Section 11 provides that, where a security is issued pursuant to a registration statement that contains a material factual misstatement or omission, the issuer is strictly liable to purchasers who meet statutory standing requirements. Other persons such as underwriters -- as well as accountants and other professionals, with respect to portions of the registration statement they have "expertized" -- can also be liable under Section 11, subject to certain additional statutory defenses. Applying Virginia Bankshares, the Second and Ninth Circuits had held that a plaintiff suing under Section 11 based on a statement of opinion or belief must plead and prove both that the opinion was incorrect and that it did not reflect the defendant's subjectively held belief. See Fait v. Regions Financial Corp., 655 F.3d 105 (2d Cir. 2011); Rubke v. Capital Bancorp Ltd., 551 F.3d 1156 (9th Cir. 2009). But in the decision on review before the Supreme Court, the Sixth Circuit departed from Virginia Bankshares, Fait and Rubke, and held that the statement of an opinion that turned out to be incorrect could support recovery under Section 11, regardless of the defendants' subjectively held beliefs. Indiana State District Council of Laborers & Hod Carriers Pension & Welfare Fund v. Omnicare, Inc., 719 F.3d 498 (6th Cir. 2013). Applying that standard, the Sixth Circuit reinstated a Section 11 complaint, based on statements of opinion, that a district court previously had dismissed.

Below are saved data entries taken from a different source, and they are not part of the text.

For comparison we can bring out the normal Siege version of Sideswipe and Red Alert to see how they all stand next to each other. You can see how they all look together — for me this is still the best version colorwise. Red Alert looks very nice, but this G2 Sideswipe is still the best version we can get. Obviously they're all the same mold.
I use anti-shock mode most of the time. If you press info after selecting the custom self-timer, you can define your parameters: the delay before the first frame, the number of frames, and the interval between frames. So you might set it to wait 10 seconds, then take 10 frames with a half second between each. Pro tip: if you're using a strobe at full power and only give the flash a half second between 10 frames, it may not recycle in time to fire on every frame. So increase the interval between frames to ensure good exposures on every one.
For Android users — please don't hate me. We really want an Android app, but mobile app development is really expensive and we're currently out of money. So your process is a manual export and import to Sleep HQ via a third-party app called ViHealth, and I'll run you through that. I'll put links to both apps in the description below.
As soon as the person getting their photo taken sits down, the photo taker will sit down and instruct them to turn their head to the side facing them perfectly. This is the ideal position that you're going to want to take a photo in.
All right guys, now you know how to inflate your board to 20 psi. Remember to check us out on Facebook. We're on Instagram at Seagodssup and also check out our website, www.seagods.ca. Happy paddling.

The Supreme Court vacated the Sixth Circuit's decision in an opinion authored by Justice Kagan. The Court reaffirmed Virginia Bankshares, and held that an incorrect opinion is not, by itself, an "untrue statement of material fact." The Court reasoned that a statement of opinion addresses only the speaker's state of belief, and thus is only "untrue" if the speaker does not actually hold the opinion stated. Thus, noting that Section 11 is not "an invitation to Monday morning quarterback an issuer's opinions," Justice Kagan concluded that a statement of genuinely held opinion cannot be actionable as "false" simply because it proves incorrect. Rather, in order to recover under Section 11 on the theory that a statement of opinion was "false," the plaintiff must plead and prove that the speaker did not subjectively hold the opinion stated.

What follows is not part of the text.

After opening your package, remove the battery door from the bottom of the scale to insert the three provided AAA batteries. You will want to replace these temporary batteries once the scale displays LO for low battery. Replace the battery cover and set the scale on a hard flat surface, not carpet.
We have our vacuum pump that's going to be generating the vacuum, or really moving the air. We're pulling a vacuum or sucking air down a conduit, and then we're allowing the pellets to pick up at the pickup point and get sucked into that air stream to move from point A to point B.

The Court then went on to consider "when, if ever, the omission of a fact can make a statement of opinion . . . even if literally accurate, misleading to an ordinary investor." The Court noted that "a reasonable investor may, depending on the circumstances, understand an opinion statement to convey facts about how the speaker has formed the opinion" and that "if the real facts are otherwise, but not provided, the opinion statement will mislead its audience." The Court emphasized the difficulty of successfully pleading and proving a claim under that theory. An investor "cannot just say that the issuer failed to reveal its basis" for an opinion, or rely on "conclusory allegation[s] that [the defendant] lacked 'reasonable grounds for the belief.'" Rather, an investor "must identify particular (and material) facts going to the basis for the issuer's opinion -- facts about the inquiry the issuer did or did not conduct or the knowledge it did or did not have -- whose omission makes the opinion statement at issue misleading to a reasonable person reading the statement fairly and in context."

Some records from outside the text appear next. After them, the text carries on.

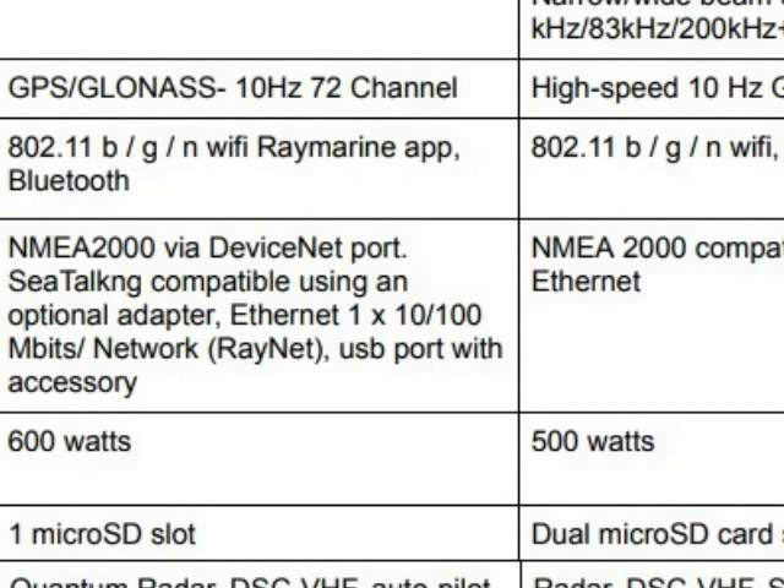The next feature is depth. The Raymarine CHIRP sonar can detect from 2 feet to 900 feet of water. The Lorenz is only up to 300 feet. Down vision on the Raymarine is 600 feet, side vision is 300 feet, and the 3D is 300 feet. The Lorenz has 300 feet deep and 300 feet to either side for the 3D.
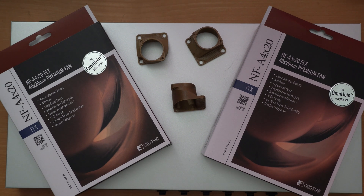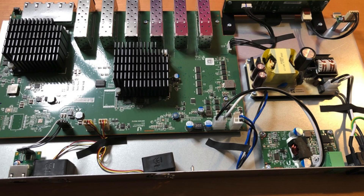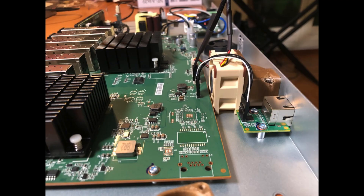Hi! Another video about noise. This time it's a Ubiquiti US16XG 10 gigabit switch that I use in my home office. I was thinking that the switch is a little bit too loud, so I wanted to replace the 3 centimeter fans with 4 centimeter Noctua fans.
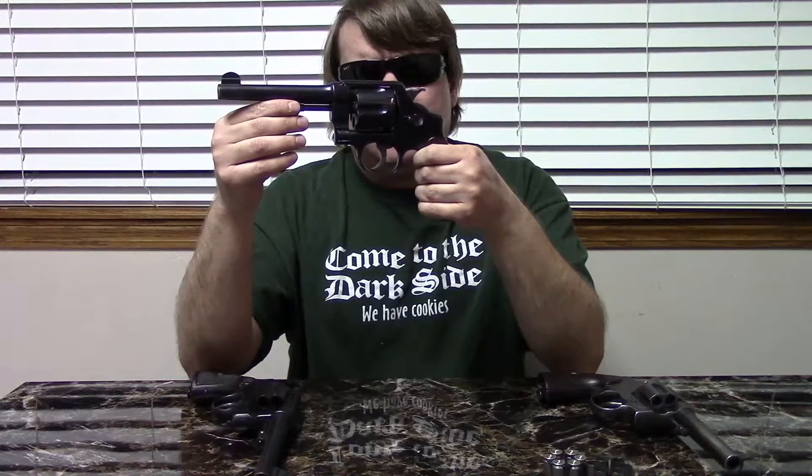Smith & Wesson would produce about 153,000 of these during World War I. They would also do another batch of about 10,000 in 1930 for the commercial market, and another large batch of 25,000 for the Brazilian military in 1937 — these are often called 1917-37s. Alongside the Smith & Wesson Model 1917, there was a Colt example, also chambered for .45 ACP.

Omnicare provides important clarifying guidance to public companies, their officers and directors, and outside professionals concerning the scope of Section 11 liability. The Court put to rest the notion that a statement of genuinely held opinion can provide the basis for liability as an "untrue statement of material fact." And while the Court left open the possibility that statements of genuinely held opinion may be actionable under Section 11 if omitted facts render them materially misleading, the Court imposed rigorous standards making it "no small task" for an investor pursuing that theory to survive a motion to dismiss, let alone prevail thereafter. Section 11 claims based on the "omission" theory will be the subject of further litigation, as the lower federal courts grapple with Omnicare.